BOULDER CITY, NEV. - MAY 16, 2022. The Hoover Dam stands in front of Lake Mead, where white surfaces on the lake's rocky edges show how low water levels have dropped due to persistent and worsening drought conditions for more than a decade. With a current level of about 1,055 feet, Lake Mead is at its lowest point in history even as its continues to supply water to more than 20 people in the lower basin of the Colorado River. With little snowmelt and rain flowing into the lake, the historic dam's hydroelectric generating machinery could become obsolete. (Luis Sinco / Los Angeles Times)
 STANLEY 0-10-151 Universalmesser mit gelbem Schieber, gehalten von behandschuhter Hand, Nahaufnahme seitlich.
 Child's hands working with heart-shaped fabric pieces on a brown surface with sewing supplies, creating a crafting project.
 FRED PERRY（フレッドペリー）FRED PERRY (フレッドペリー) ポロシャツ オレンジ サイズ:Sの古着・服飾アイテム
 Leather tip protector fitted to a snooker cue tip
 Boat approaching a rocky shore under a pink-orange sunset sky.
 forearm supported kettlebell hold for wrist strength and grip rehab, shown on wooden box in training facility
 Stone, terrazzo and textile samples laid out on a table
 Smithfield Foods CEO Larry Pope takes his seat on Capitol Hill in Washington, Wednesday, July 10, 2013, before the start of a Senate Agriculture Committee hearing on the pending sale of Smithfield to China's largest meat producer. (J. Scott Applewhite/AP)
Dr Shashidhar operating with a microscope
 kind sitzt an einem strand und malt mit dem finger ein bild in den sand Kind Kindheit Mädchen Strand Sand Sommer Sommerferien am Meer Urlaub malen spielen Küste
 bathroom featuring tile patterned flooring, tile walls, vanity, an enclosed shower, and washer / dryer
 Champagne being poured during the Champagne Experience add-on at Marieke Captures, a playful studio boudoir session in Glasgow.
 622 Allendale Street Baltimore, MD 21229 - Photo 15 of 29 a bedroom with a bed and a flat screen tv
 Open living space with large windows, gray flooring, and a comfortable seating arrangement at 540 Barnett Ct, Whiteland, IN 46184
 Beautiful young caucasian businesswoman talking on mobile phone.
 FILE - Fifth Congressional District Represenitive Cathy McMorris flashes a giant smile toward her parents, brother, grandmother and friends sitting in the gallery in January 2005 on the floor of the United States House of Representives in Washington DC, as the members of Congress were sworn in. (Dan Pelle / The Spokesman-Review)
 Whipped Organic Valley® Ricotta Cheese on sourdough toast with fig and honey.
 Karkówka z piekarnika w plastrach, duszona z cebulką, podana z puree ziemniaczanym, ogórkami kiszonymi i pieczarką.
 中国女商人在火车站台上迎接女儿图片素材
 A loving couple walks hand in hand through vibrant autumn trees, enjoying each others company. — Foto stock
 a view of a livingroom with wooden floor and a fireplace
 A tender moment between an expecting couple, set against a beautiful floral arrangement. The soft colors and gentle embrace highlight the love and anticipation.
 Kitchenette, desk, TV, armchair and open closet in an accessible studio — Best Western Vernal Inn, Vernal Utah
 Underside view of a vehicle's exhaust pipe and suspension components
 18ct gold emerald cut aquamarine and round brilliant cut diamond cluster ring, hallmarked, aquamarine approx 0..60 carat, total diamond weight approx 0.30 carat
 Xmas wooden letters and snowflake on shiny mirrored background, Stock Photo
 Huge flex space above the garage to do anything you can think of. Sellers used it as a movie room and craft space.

####

Note how many lines of the listing above contain the string "studio", and give that number with nothing added.

2